Я не ем сома. Я вообще мало ем. Ядовито-розовые, в глубоких впадинах губы говорят:
– Мало ешь. Мало пьешь. Жора, налей ему.
Выпив залпом сто граммов водки, медведица говорит:
– Сейчас будет мой сериал, а потом я спать.
– У нее железный режим, – говорит Жорж. – Давай мамаше твоей позвоним… Привет, старая. У тебя все еще красивые ноги? А то я только на них смотрел, когда ты со мной математику делала.
– Да ты же еще в люльке был!
– Девятый класс! Какая там люлька!..
– Знаешь, – он задумчиво смотрит на меня сквозь рюмку, – бывают телки с хорошим телом. Или с мордой. Или умные, но крокодилы. Ученые крокодилы, говорящие. У твоей матери было все. Жалко, я был в девятом классе, а она – в одиннадцатом.
– Она пополнела, Жорик. Ей почти шестьдесят. У нее двое детей. Она почти не помнит тебя.
– И все равно. Пусть позвонит, если соберется в наши края.
Я вызываю такси. В моем списке телефонных номеров есть самый важный номер, полученный через шестые руки: телефонный номер Светочки. И я еду к дому, в котором родился. Он не изменился, лишь виноград, который обвивал весь дом, срубили. Даже хутор во дворе прежний, только дети старых хозяев пристроили к нему каменное здание. Захожу в подъезд, поднимаюсь на третий этаж, но так и не решаюсь позвонить в дверь, которая когда-то закрылась за мной навсегда. Я курю, оперевшись на чугунный крюк, торчащий из стены, – когда-то он оцарапал мое плечо, сейчас он мне по пояс…

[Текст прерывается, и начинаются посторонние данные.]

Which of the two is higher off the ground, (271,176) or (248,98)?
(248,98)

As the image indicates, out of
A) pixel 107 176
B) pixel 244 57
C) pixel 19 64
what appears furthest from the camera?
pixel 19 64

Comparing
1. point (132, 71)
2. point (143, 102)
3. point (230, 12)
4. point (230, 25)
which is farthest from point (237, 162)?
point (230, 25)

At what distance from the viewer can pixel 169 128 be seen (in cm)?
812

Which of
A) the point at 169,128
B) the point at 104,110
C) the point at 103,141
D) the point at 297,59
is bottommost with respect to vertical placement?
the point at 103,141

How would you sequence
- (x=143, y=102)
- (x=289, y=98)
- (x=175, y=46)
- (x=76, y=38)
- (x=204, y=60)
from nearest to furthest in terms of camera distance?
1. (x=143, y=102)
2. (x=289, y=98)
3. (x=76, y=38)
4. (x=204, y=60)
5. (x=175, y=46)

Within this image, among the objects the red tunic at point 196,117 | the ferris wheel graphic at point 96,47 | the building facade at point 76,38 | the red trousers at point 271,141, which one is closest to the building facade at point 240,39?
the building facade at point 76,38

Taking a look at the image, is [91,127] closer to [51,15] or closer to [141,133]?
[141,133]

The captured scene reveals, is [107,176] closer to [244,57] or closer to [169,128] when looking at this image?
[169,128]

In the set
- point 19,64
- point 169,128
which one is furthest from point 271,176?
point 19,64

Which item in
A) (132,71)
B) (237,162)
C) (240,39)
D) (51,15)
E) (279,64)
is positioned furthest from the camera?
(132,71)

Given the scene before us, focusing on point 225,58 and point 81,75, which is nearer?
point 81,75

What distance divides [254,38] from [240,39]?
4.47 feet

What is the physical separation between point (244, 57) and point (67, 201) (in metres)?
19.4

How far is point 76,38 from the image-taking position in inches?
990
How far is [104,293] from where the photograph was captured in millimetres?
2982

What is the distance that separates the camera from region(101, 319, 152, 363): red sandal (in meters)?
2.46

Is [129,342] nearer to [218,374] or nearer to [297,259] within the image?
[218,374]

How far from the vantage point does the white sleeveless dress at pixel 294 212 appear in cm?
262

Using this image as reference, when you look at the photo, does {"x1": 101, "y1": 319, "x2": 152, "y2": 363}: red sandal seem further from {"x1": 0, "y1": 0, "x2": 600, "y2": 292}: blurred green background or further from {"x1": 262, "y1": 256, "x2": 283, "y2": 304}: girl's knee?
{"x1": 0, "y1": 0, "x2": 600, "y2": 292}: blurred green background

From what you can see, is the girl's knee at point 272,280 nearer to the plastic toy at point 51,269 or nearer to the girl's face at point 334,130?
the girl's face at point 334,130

Я выхожу из подъезда и узнаю невысокую спортивную блондинку, идущую мне навстречу, сразу же – и она узнает меня. Странно и страшно встречаться спустя столько лет. Страшно, что все воспоминания распадутся, как «секретики» из бутылочного стекла и фантиков – откопанные, они превращаются в осколки и истлевшие клочки бумаги. И странно, что мы остались друг для друга такими же, – моя подруга детства совсем не изменилась, только теперь у нее есть бюст, водительские права, тринадцатилетний сын и муж- татарин. Мы идем в бывшее кафе-мороженое – поход туда был когда-то запретным удовольствием: оно находилось на границе доступной нам территории.

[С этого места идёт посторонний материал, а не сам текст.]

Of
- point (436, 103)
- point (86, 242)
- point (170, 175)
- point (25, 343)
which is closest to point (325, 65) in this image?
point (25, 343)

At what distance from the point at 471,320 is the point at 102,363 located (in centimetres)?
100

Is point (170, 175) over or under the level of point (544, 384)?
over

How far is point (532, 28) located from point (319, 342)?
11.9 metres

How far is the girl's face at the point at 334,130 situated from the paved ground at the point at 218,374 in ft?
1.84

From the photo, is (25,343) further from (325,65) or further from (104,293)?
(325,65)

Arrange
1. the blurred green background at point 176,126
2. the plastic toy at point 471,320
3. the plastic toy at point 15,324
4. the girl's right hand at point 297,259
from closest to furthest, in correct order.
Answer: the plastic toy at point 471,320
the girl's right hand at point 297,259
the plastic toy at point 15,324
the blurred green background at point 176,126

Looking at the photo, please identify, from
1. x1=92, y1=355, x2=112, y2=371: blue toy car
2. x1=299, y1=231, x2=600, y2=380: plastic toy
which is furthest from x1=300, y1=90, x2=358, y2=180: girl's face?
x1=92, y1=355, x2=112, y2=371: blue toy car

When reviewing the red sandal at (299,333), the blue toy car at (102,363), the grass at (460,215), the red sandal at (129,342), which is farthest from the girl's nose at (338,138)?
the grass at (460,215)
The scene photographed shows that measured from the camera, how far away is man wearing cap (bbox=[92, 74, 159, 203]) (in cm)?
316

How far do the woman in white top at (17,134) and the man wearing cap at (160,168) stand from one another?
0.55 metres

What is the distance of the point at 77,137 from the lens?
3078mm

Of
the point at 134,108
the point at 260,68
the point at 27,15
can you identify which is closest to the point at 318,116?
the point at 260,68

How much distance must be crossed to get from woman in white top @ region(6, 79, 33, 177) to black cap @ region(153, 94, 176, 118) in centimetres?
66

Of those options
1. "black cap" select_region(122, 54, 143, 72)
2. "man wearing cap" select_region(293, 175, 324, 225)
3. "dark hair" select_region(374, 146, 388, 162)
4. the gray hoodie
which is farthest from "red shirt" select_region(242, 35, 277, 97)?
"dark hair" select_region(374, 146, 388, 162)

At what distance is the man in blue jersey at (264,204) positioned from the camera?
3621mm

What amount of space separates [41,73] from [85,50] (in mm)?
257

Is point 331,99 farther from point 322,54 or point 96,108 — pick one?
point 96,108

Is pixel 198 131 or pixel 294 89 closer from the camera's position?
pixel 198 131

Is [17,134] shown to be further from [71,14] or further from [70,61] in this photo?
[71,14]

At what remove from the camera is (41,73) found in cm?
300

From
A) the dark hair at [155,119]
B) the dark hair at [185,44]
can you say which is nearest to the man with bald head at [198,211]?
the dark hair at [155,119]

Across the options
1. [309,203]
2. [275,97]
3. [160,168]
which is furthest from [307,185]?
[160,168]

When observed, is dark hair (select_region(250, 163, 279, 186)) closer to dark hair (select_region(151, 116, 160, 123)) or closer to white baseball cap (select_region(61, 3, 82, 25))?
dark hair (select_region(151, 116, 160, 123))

Я чокаюсь за встречу молдавской водкой, и – наконец-то – мои гештальты с грохотом замыкаются. Мы проговорили восемь часов, как будто встретились после пионерлагеря и обмениваемся впечатлениями о каникулах.
– Ты представляешь, эти придурки под Новый год всю ночь воровали друг у друга елку!
– Какие придурки и какую елку?
– Примария (мэрия) воюет с силовиками. Мэр хочет праздновать Рождество, как в Румынии и Европе, – 25 декабря, силовики – по-старому, 7 января. Мэр ставит елку на центральной площади, силовики дожидаются ночи, крадут ее и переставляют в центральный парк. Мэр обижается и перетаскивает елку под двери примарии. Они всю ночь крадут друг у друга двадцатиметровую елку…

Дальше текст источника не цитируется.